Until there's a better way to measure employment, investors will follow ADP and BLS.

March Non-farm Payrolls are likely going to be nothing special, right around the average of 230,000.

Just to throw a spanner into the works, this morning's initial unemployment claims came out at 221,000, the highest since January, and just above the average for the past 12 months. If initial unemployment claims are running at a rate of about 800,000 a month, are those reflected in the jobs numbers?

The answer is probably not.

Meanwhile, gold and silver have made headway, but are slowing from the rapid gains of the past week to 10 days. Gold priced as high as $2,322, and silver $27.40 overnight on the respective COMEX continuous contracts.

Hedge accordingly.

At the Close, Wednesday, April 3, 2024:
Dow: 39,127.14, -43.06 (-0.11%)
NASDAQ: 16,277.46, +37.06 (+0.23%)
S&P 500: 5,211.49, +5.68 (+0.11%)
NYSE Composite: 18,146.64, +39.14 (+0.22%)

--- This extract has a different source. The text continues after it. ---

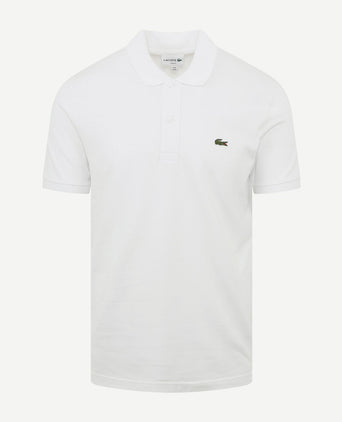 Lacoste poloshirt pique wit | Slim-fit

Signals Are Flashing Red For Stocks as Bond Yields Rise, Gold, Silver, Oil Gallop Ahead

Wednesday, April 3, 2024, 9:17 am ET

There's noise and then there's signal.

Much of what markets, governments, analysts, bloggers, and TV talking heads spew on a regular basis is simply noise. Tuesday's rising treasury yields and smoking hot gold and silver rallies were signals that don't often occur together. The unmistakable message from this duopoly is that risk is rising at an increased pace.

Yield on both the 10-year note and 30-year bond rose to their highest levels of the year, 4.36% and 4.51%, respectively. Normally, as yields rise, precious metals decline. The exact opposite was the case on Tuesday and prior to that.

Gold topped $2,300 per troy ounce late in the evening. Silver was the big winner on the day, gaining four percent, rising from $25.39 to $26.51 over the course of the day. Silver is up more than seven percent in just the last five trading days and has crossed the critical resistance threshold of $26.00. The next resistance area for silver is at $30/oz., so it is expected to continue to climb towards that level.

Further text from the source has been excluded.